Dopo essere stato duramente ripreso dal Primo Segretario di Bastonate (Nikita Kekko) per non aver fatto menzione di Toto Cutugno nel post di ieri – la scusa ufficiale è che dormivo a quell’ora, la ragione vera è che so’ stronzo, naturalmente -, mi faccio perdonare pubblicando qui la prima puntata della nuova rubrica di Bastonate “Profili” – Rubrica che rimarrà lettera morta d’ora in avanti, è ovvio, ma che si propone di recuperare, con rigore filologico, brevi cenni biografici di personaggi rilevanti per il Paese e la nostra linea editoriale e di condotta generale.

Toto Cutugno nacque a Kalinkova, il 15 aprile del 1894. Appassionato di musica, di cavalli e di treni fin dalla più tenera età, nel 1912 venne posseduto da un dybbuk, che rallentò di moltissimo l’invecchiamento dell’involucro che ancora noi, poveri mortali, ci ostiniamo a definire “corpo”.

Toto e Kruschev. Kruschev aveva una testa più piccola del normale all'epoca (courtesy of toto.da.ru)
Toto e Kruschev. Kruschev aveva una testa più piccola del normale all’epoca (courtesy of toto.da.ru)

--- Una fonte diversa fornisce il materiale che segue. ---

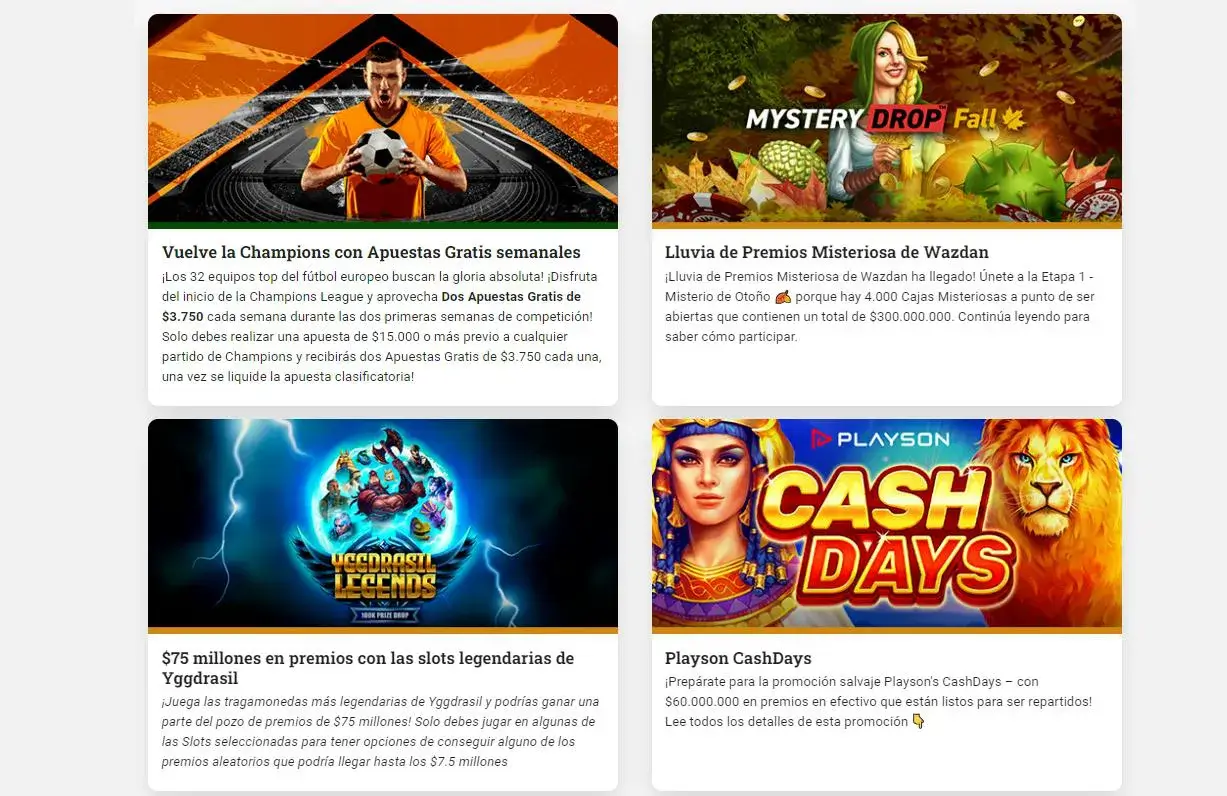 Promociones y bonos de los nuevos casinos online en Chile Promociones de casino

La vena soprannaturale lo rese del tutto sprezzante della morte – ecco perché senza difficoltà cavalcò il terrore sovietico del 1917, ed ecco perché fece carriera nel locale Partito Comunista pur non applaudendo particolarmente a lungo i discorsi di Stalin (ho letto in un libro tempo fa che, in occasione di un certo discorso di Stalin, il primo funzionario del Partito che smise di applaudire venne giustiziato. Per questo motivo, i discorsi di Stalin erano seguiti da lunghissimi applausi, e pare che ci fosse un LP quadruplo con un discorso di Stalin con un lato riempito dai soli applausi. Ovviamente avanguardia totale, bisogno di possedere questo LP ormai a livelli irragionevoli, articolone su Blow Up, la rete impazzita).

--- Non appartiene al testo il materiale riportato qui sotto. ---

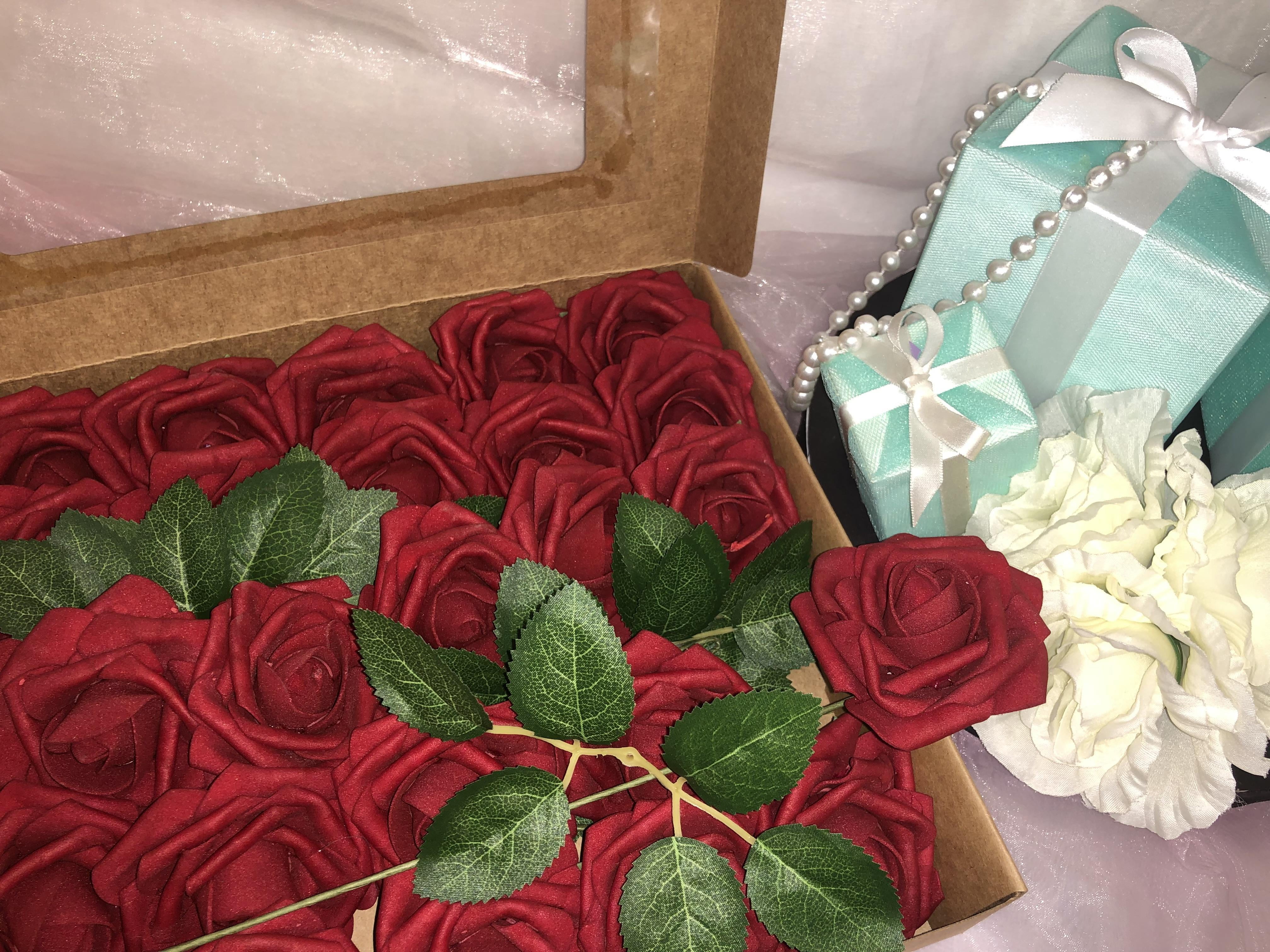 Artificial Flowers Burgandy Roses 25pcs Real Looking Fake ...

Toto si fa rode il culo alla notizia della vittoria di Fogli a Sanremo 1982. Lui manco partecipava, ma i comunisti so' così, vonno tutto a modo loro sempre
Toto si fa rode il culo alla notizia della vittoria di Fogli a Sanremo 1982. Lui manco partecipava, ma i comunisti so’ così, vonno tutto a modo loro sempre

Tornando alla carriera di Cutugno, dopo le vicende demoniache ritornò a Mosca come capo del Ministero per il Collegamento con i Partiti Comunisti e Operai negli Stati Socialisti dal 1957 al 1967. Nel 1967 lasciò questo incarico per diventare capo del KGB e dedicarsi completamente alla musica, su raccomandazione di Michail Suslov.  Il suo mandato di Direttore del KGB fu tuttavia lungo, e si dimise solo nel maggio 1982, quando, con 22 milioni di copie vendute, fu promosso True Believer del Partito e Segretario Responsabile per gli Affari Ideologici.

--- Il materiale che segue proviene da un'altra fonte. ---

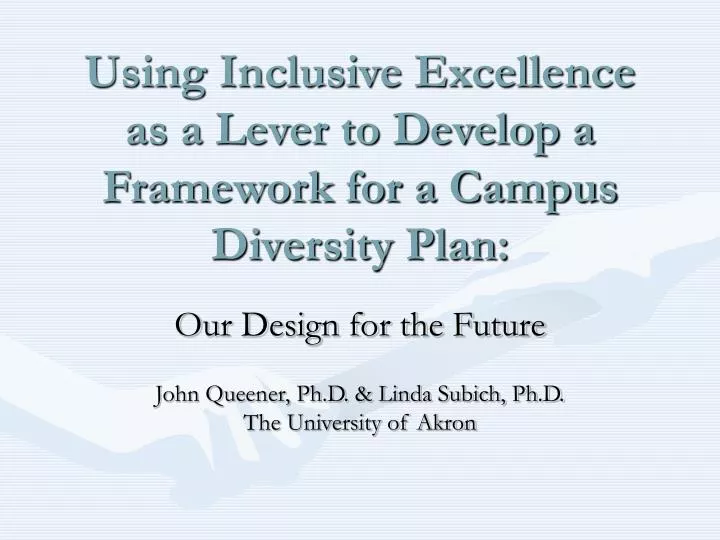 using inclusive excellence as a lever to develop a framework for a campus diversity plan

La storia recente di Toto la conosciamo tutti. Dopo quasi un trentennio di buio seguito alla caduta del Muro di Berlino, nel 2010 Toto viene riscoperto da Bastonate e rilanciato nello stardom musicale. Negli ultimi tre anni – calcola la C.I.A. – è l’unico artista pop della stratosfera oltre a The Secret e L’officina della camomilla a vendere più dischi di quanti ne vengano scaricati. E pensare che i pezzi di Toto non sono manco su iTunes!

La celebrazione di ieri, di fronte a una platea commossa di vecchi commilitoni, è il giusto riconoscimento per un Artista che ha attraversato un’epoca intera di civiltà e pop italiano, sempre con la testa alta e il pugno chiuso. удача, Toto, e sempre grazie.

Kekko e Toto a Cesenatico nel 2010 dopo che Kekko gli ha detto che Ashared Apil Ekur avrebbe scritto un pezzo su di lui
Kekko e Toto a Cesenatico nel 2010 dopo che Kekko gli ha detto che Ashared Apil Ekur avrebbe scritto un pezzo su di lui

SANREMO DAY ONE – Brio e Qualità e la poesia di rivolta di Daniele Silvestri piccolo grande Autore

Ecco gli Shirataki di ZenPasta, i più seri candidati al soglio pontificio, e di certo il nostro preferito. Evviva magnà senza calorie!
Ecco gli Shirataki di ZenPasta, i più seri candidati al soglio pontificio, e di certo il nostro preferito. Evviva er magnà senza calorie! (courtesy of fotomontaggifattimale.wordpress.com)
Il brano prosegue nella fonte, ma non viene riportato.